A cross platform Rust library for efficiently walking a directory recursively. Comes with support for following symbolic links, controlling the number of open file descriptors and efficient mechanisms for pruning the entries in the directory tree.

Linux build status Windows build status

Dual-licensed under MIT or the UNLICENSE.

Documentation

docs.rs/walkdir

Usage

To use this crate, add walkdir as a dependency to your project's Cargo.toml:

[dependencies]
walkdir = "1"

Example

The following code recursively iterates over the directory given and prints the path for each entry:

use walkdir::WalkDir;

for entry in WalkDir::new("foo") {
    let entry = entry.unwrap();
    println!("{}", entry.path().display());
}

Or, if you'd like to iterate over all entries and ignore any errors that may arise, use filter_map. (e.g., This code below will silently skip directories that the owner of the running process does not have permission to access.)

use walkdir::WalkDir;

for entry in WalkDir::new("foo").into_iter().filter_map(|e| e.ok()) {
    println!("{}", entry.path().display());
}

The same code as above, except follow_links is enabled:

use walkdir::WalkDir;

for entry in WalkDir::new("foo").follow_links(true) {
    let entry = entry.unwrap();
    println!("{}", entry.path().display());
}

Example: skip hidden files and directories efficiently on unix

This uses the filter_entry iterator adapter to avoid yielding hidden files and directories efficiently:

use walkdir::{DirEntry, WalkDir, WalkDirIterator};

fn is_hidden(entry: &DirEntry) -> bool {
    entry.file_name()
         .to_str()
         .map(|s| s.starts_with("."))
         .unwrap_or(false)
}

let walker = WalkDir::new("foo").into_iter();
for entry in walker.filter_entry(|e| !is_hidden(e)) {
    let entry = entry.unwrap();
    println!("{}", entry.path().display());
}

Motivation

std::fs has an unstable walk_dir implementation that needed some design work. I started off on that task, but it quickly became apparent that walking a directory recursively is quite complex and may not be a good fit for std right away.

This should at least resolve most or all of the issues reported here (and then some):

Performance

The short story is that performance is comparable with find and glibc's nftw on both a warm and cold file cache. In fact, I cannot observe any performance difference after running find /, walkdir / and nftw / on my local file system (SSD, ~3 million entries). More precisely, I am reasonably confident that this crate makes as few system calls and close to as few allocations as possible.

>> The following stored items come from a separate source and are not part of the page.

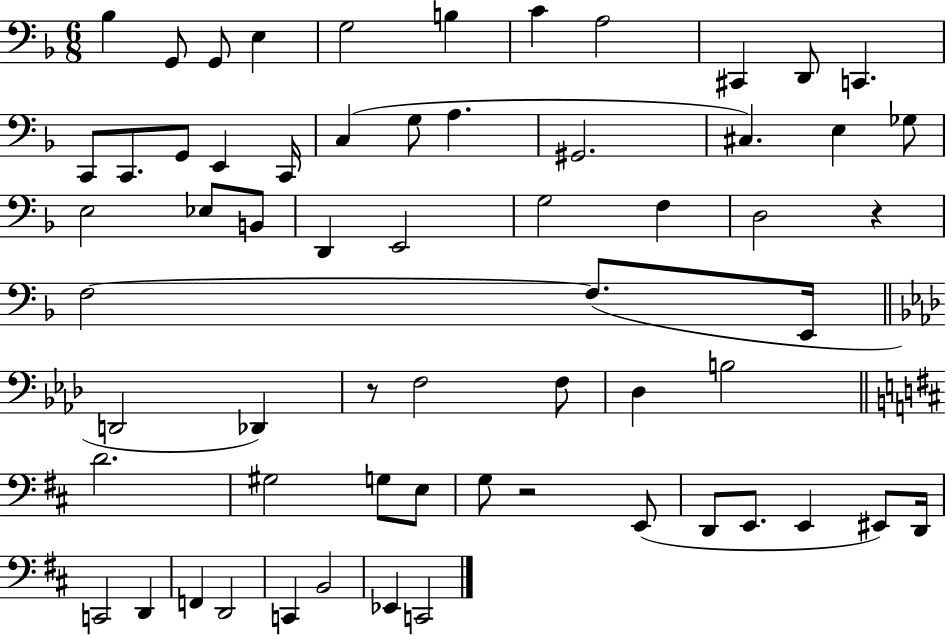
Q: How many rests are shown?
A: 3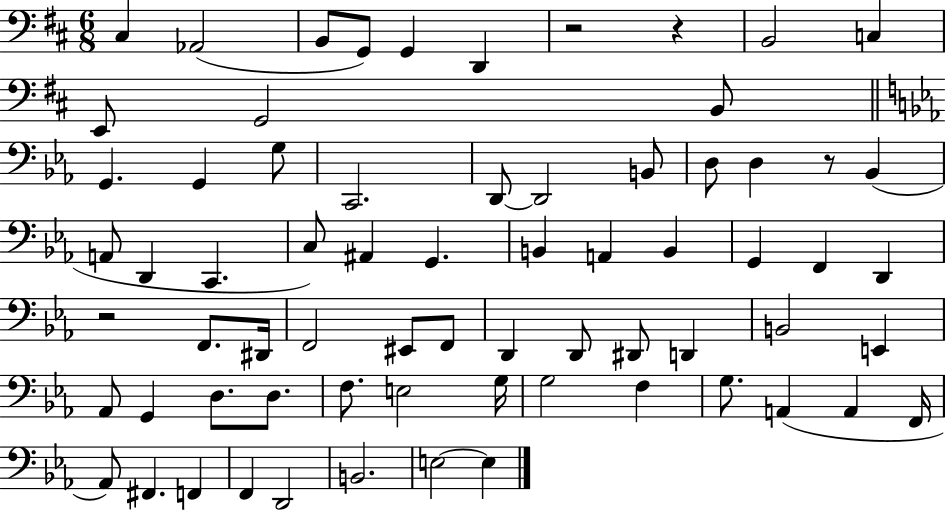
X:1
T:Untitled
M:6/8
L:1/4
K:D
^C, _A,,2 B,,/2 G,,/2 G,, D,, z2 z B,,2 C, E,,/2 G,,2 B,,/2 G,, G,, G,/2 C,,2 D,,/2 D,,2 B,,/2 D,/2 D, z/2 _B,, A,,/2 D,, C,, C,/2 ^A,, G,, B,, A,, B,, G,, F,, D,, z2 F,,/2 ^D,,/4 F,,2 ^E,,/2 F,,/2 D,, D,,/2 ^D,,/2 D,, B,,2 E,, _A,,/2 G,, D,/2 D,/2 F,/2 E,2 G,/4 G,2 F, G,/2 A,, A,, F,,/4 _A,,/2 ^F,, F,, F,, D,,2 B,,2 E,2 E,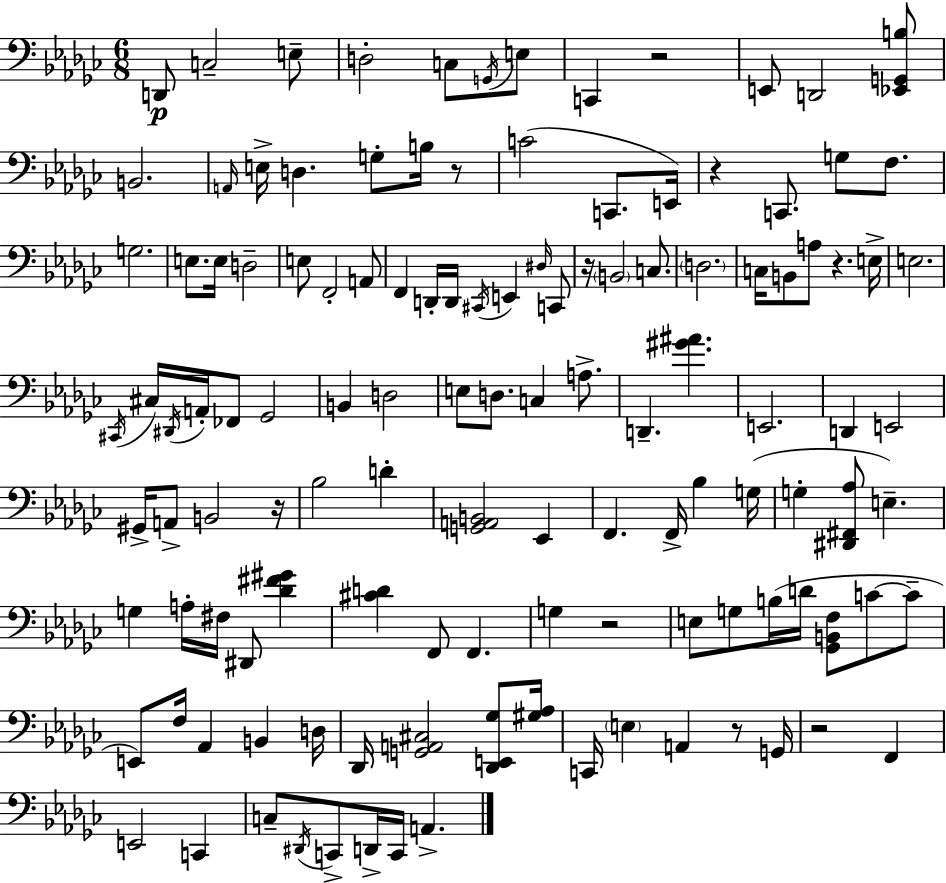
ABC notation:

X:1
T:Untitled
M:6/8
L:1/4
K:Ebm
D,,/2 C,2 E,/2 D,2 C,/2 G,,/4 E,/2 C,, z2 E,,/2 D,,2 [_E,,G,,B,]/2 B,,2 A,,/4 E,/4 D, G,/2 B,/4 z/2 C2 C,,/2 E,,/4 z C,,/2 G,/2 F,/2 G,2 E,/2 E,/4 D,2 E,/2 F,,2 A,,/2 F,, D,,/4 D,,/4 ^C,,/4 E,, ^D,/4 C,,/2 z/4 B,,2 C,/2 D,2 C,/4 B,,/2 A,/2 z E,/4 E,2 ^C,,/4 ^C,/4 ^D,,/4 A,,/4 _F,,/2 _G,,2 B,, D,2 E,/2 D,/2 C, A,/2 D,, [^G^A] E,,2 D,, E,,2 ^G,,/4 A,,/2 B,,2 z/4 _B,2 D [G,,A,,B,,]2 _E,, F,, F,,/4 _B, G,/4 G, [^D,,^F,,_A,]/2 E, G, A,/4 ^F,/4 ^D,,/2 [_D^F^G] [^CD] F,,/2 F,, G, z2 E,/2 G,/2 B,/4 D/4 [_G,,B,,F,]/2 C/2 C/2 E,,/2 F,/4 _A,, B,, D,/4 _D,,/4 [G,,A,,^C,]2 [_D,,E,,_G,]/2 [^G,_A,]/4 C,,/4 E, A,, z/2 G,,/4 z2 F,, E,,2 C,, C,/2 ^D,,/4 C,,/2 D,,/4 C,,/4 A,,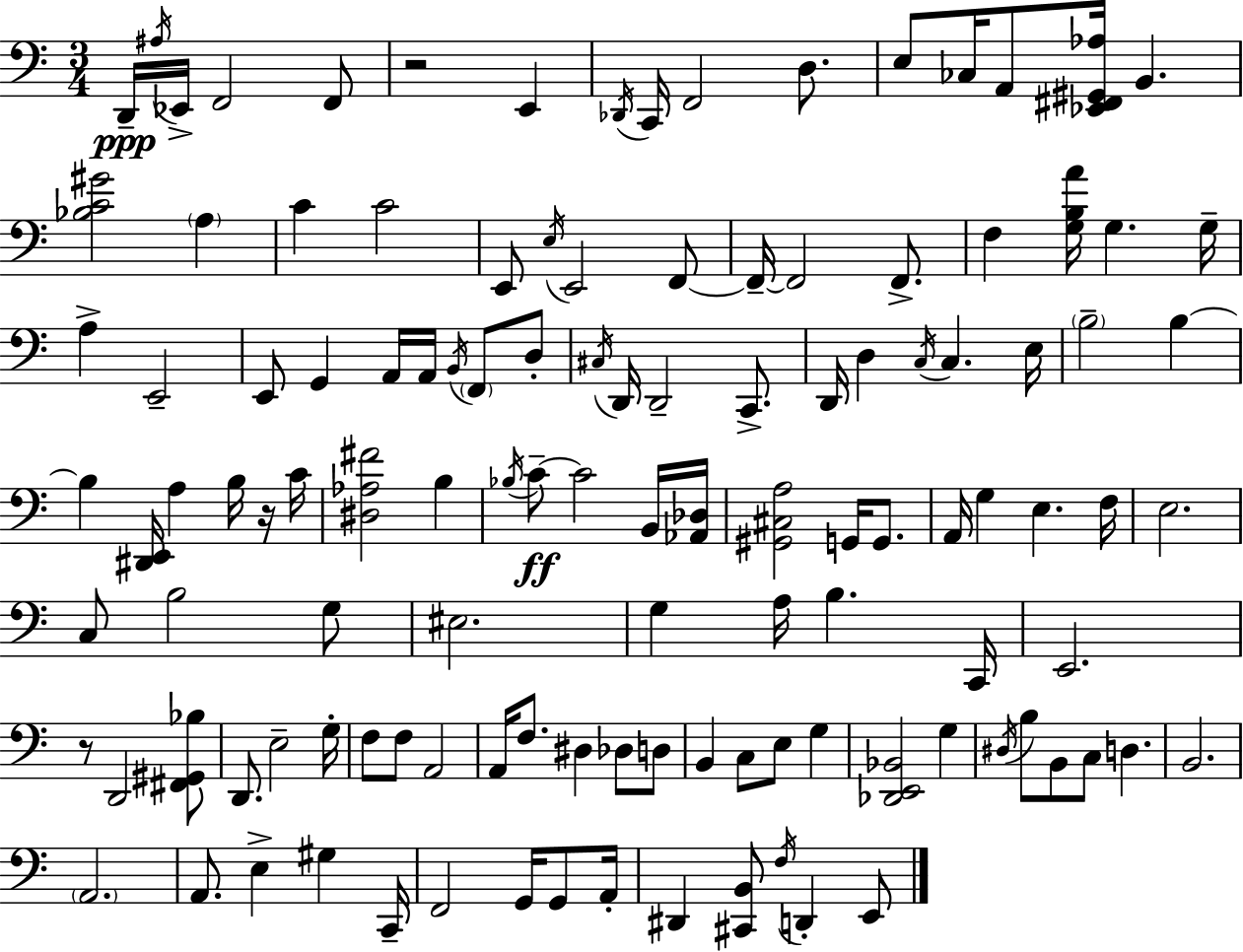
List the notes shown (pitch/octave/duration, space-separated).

D2/s A#3/s Eb2/s F2/h F2/e R/h E2/q Db2/s C2/s F2/h D3/e. E3/e CES3/s A2/e [Eb2,F#2,G#2,Ab3]/s B2/q. [Bb3,C4,G#4]/h A3/q C4/q C4/h E2/e E3/s E2/h F2/e F2/s F2/h F2/e. F3/q [G3,B3,A4]/s G3/q. G3/s A3/q E2/h E2/e G2/q A2/s A2/s B2/s F2/e D3/e C#3/s D2/s D2/h C2/e. D2/s D3/q C3/s C3/q. E3/s B3/h B3/q B3/q [D#2,E2]/s A3/q B3/s R/s C4/s [D#3,Ab3,F#4]/h B3/q Bb3/s C4/e C4/h B2/s [Ab2,Db3]/s [G#2,C#3,A3]/h G2/s G2/e. A2/s G3/q E3/q. F3/s E3/h. C3/e B3/h G3/e EIS3/h. G3/q A3/s B3/q. C2/s E2/h. R/e D2/h [F#2,G#2,Bb3]/e D2/e. E3/h G3/s F3/e F3/e A2/h A2/s F3/e. D#3/q Db3/e D3/e B2/q C3/e E3/e G3/q [Db2,E2,Bb2]/h G3/q D#3/s B3/e B2/e C3/e D3/q. B2/h. A2/h. A2/e. E3/q G#3/q C2/s F2/h G2/s G2/e A2/s D#2/q [C#2,B2]/e F3/s D2/q E2/e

I haven't recorded any benchmarks, but here are some things you can try with a local checkout of walkdir:

# The directory you want to recursively walk:
DIR=$HOME

# If you want to observe perf on a cold file cache, run this before *each*
# command:
sudo sh -c 'echo 3 > /proc/sys/vm/drop_caches'

# To warm the caches
find $DIR

# Test speed of `find` on warm cache:
time find $DIR

# Compile and test speed of `walkdir` crate:
cargo build --release --example walkdir
time ./target/release/examples/walkdir $DIR

# Compile and test speed of glibc's `nftw`:
gcc -O3 -o nftw ./compare/nftw.c
time ./nftw $DIR

# For shits and giggles, test speed of Python's (2 or 3) os.walk:
time python ./compare/walk.py $DIR

On my system, the performance of walkdir, find and nftw is comparable.